Respiration as a process does not make use of water. Water gets evaporated by circulating air from inside the body and leaves through respiration. No water is produced. Water lost through evaporation must be replaced by consumption. Transpiration is the movement of water out of plants. That water entered the plants from the soil through the roots. Plants consume water in the process of photosynthesis (sunlight + 6H2O + 6CO2 -> C6H1206 + 6O2), they do not produce it.

So, I'm sorry, but once again you are wrong.

PS, I am the fellow in the avatar photograph. If you think I look like a middle schooler or that young ladies are commonly bald with full beards and moustaches, I don't think I want to hang out in your milieu. If you doubt that is me in the photograph, I can change it to one of me holding a sign mentioning this conversation and you personally. Say the word. Or continue to act like... a middle schooler.
 
It's very simple. How did I not guess before.

Water during circulation in the atmosphere simply removes heat to the ocean.

It is elementary, as any refrigerator works.

It turns out that there is more moisture in the atmosphere, and it circulates faster.
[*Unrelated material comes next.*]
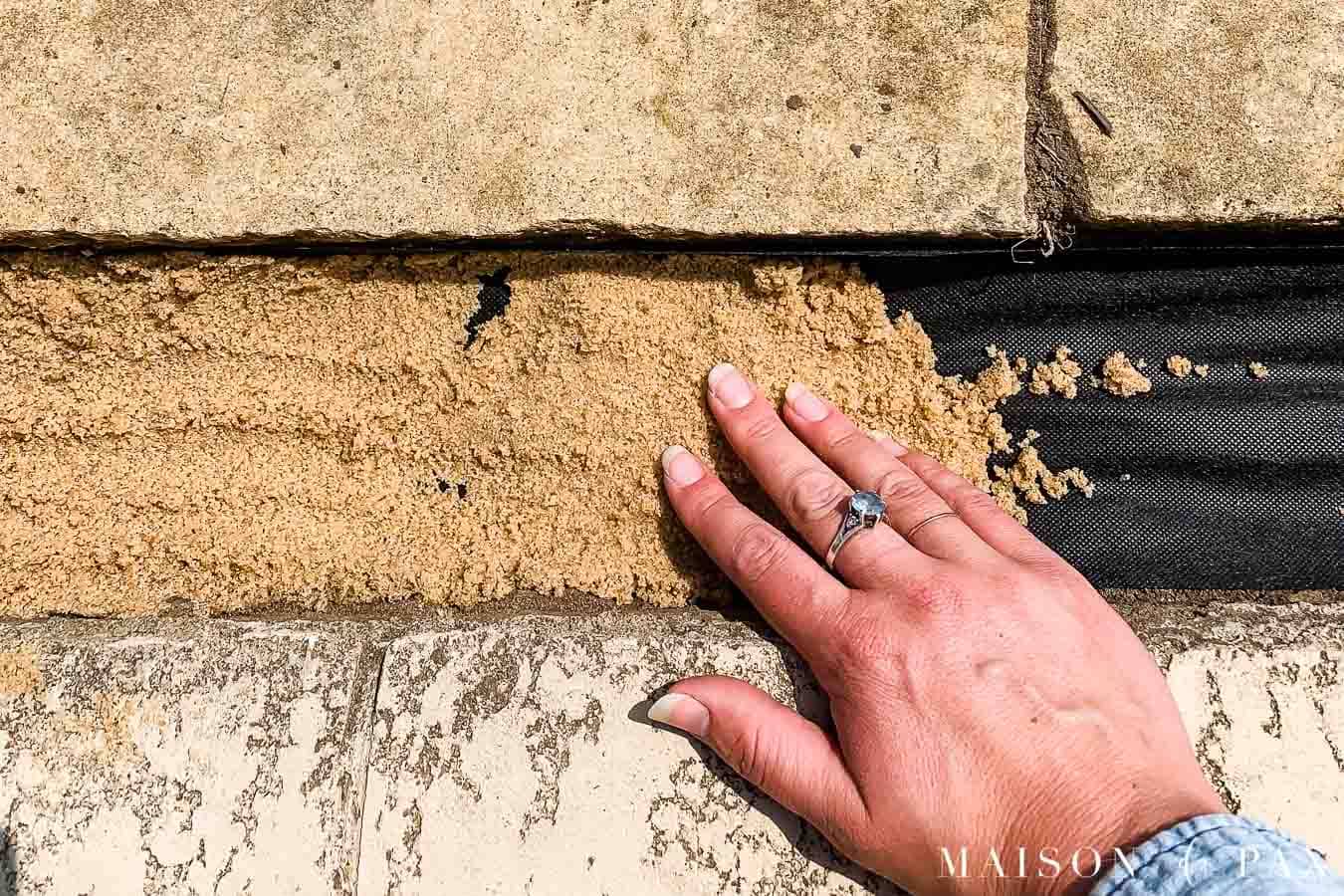 laying sand under synthetic turf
Circulation of heat around the globe is not global warming or cooling.
The sum total is the same.

The problem with global warming is that CO2 prevents heat from radiating out from the upper atmosphere, into space.
Carbon converts photonic energy into vibratory energy.
And since you can't conduct vibratory energy out into space, carbon traps more heat in the atmosphere.
 
It is possible that the Global cooling is caused by the fact that the amount of water increases. Water is constantly produced during the respiratory processes of the biosphere.

If more water is constantly produced, it would not cause any global cooling.
Evaporation of water can move heat around, but the sum total of the planetary energy is the same.
 
Water vapor is in equilibrium with the air, that's natural law ... how much water depends on temperature alone ... roughly 7% per ºC at normal surface temperatures ...
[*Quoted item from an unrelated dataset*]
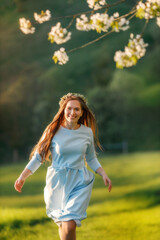 Obraz premium Portrait of beautiful happy woman in blue dress with long hair running forward through green hills during spring.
I don't know much about the Kreb's Cycle, I'm told a massive dose of penicillin will take care of it ... but I do know this cycle consumes ATP, and spits out ADP ... which in turn is consumed by respiration, and ATP is spit out again ... what's usually called the energy cycle ...

Breath on a cold mirror ... or get some houseplants ... water is a powerful GHG ... but it also condenses ...
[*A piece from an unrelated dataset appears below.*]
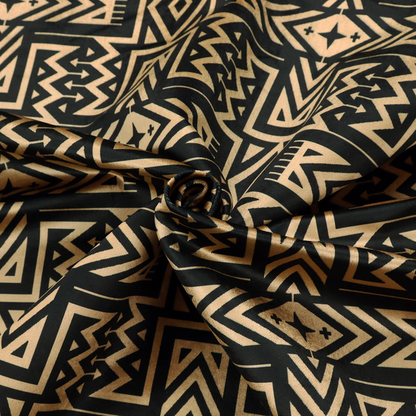 Black and gold geometric fabric featuring an intricate Navajo-inspired tribal pattern with chevron lines, diamonds, and cross motifs.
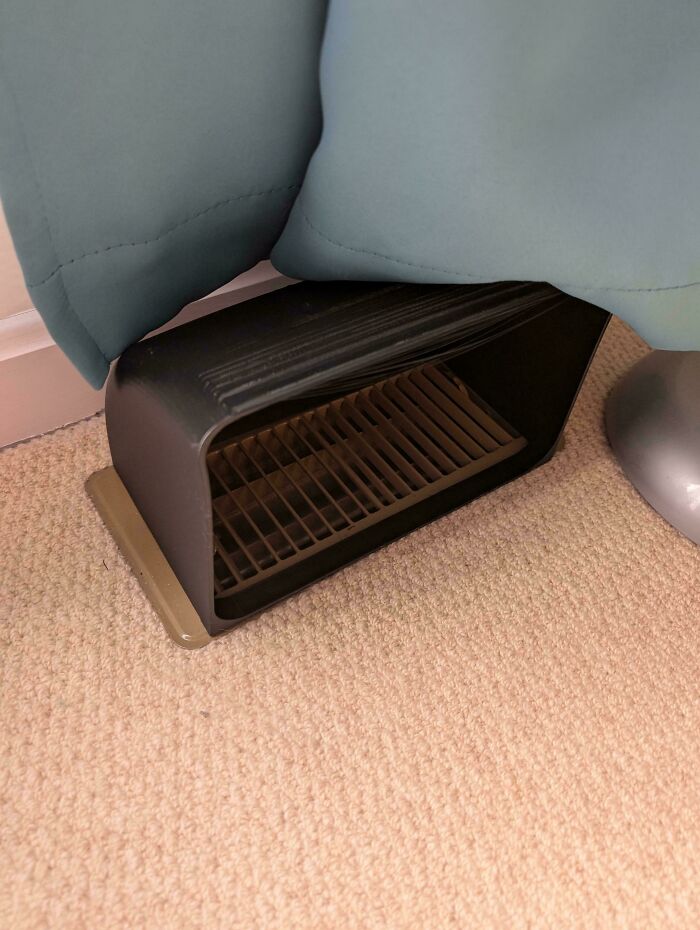 A functional 3D print of an air vent redirection cover, making everyday life more comfortable.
As an aside. even though water is a powerful green house gas, it does not at all matter.
The reason why is that water condenses out at colder temperatures.
And the only place where greenhouse gases matter, is the upper atmosphere, the boundary to space.
Only there does the atmosphere determine if energy is radiated out into space as photons, or kept in the planetary heat reserve of the atmosphere, as vibratory energy.
And while CO2 can't condense out at that cold altitude, water does.
So water has no effect on planetary heat retention.
 
No heat radiates out? Ever?

Well no of course most heat must escape or else we would already be like Venus and the surface hot enough to melt lead.
And even Venus loses some heat.
I just meant CO2 prevents SOME heat from radiating out into space.
The amount coming in does not change much, even from orbit eccentricity.
What regulates planetary heat is how much can escape.
And that is regulated on Earth, by CO2.
 
That is incorrect. Water vapor is by far the dominant greenhouse gas. See?

View attachment 649075

Wrong.
Water vapor has zero effect on retention of earth heat because it condenses out at the cold temperatures of the high stratosphere.
There is no water vapor at the edge to space, so it has no effect on retaining heat or not.
Water vapor absorbing heat energy at sea level, is pointless.
That has nothing at all to do with whether the planet warms or cools.
The only place where molecular energy absorption mattes is at the very top edge of the stratosphere.
No where else.
The only heat retention that matters is if the heat would otherwise radiate out into space, if not retained by a carbon containing molecule.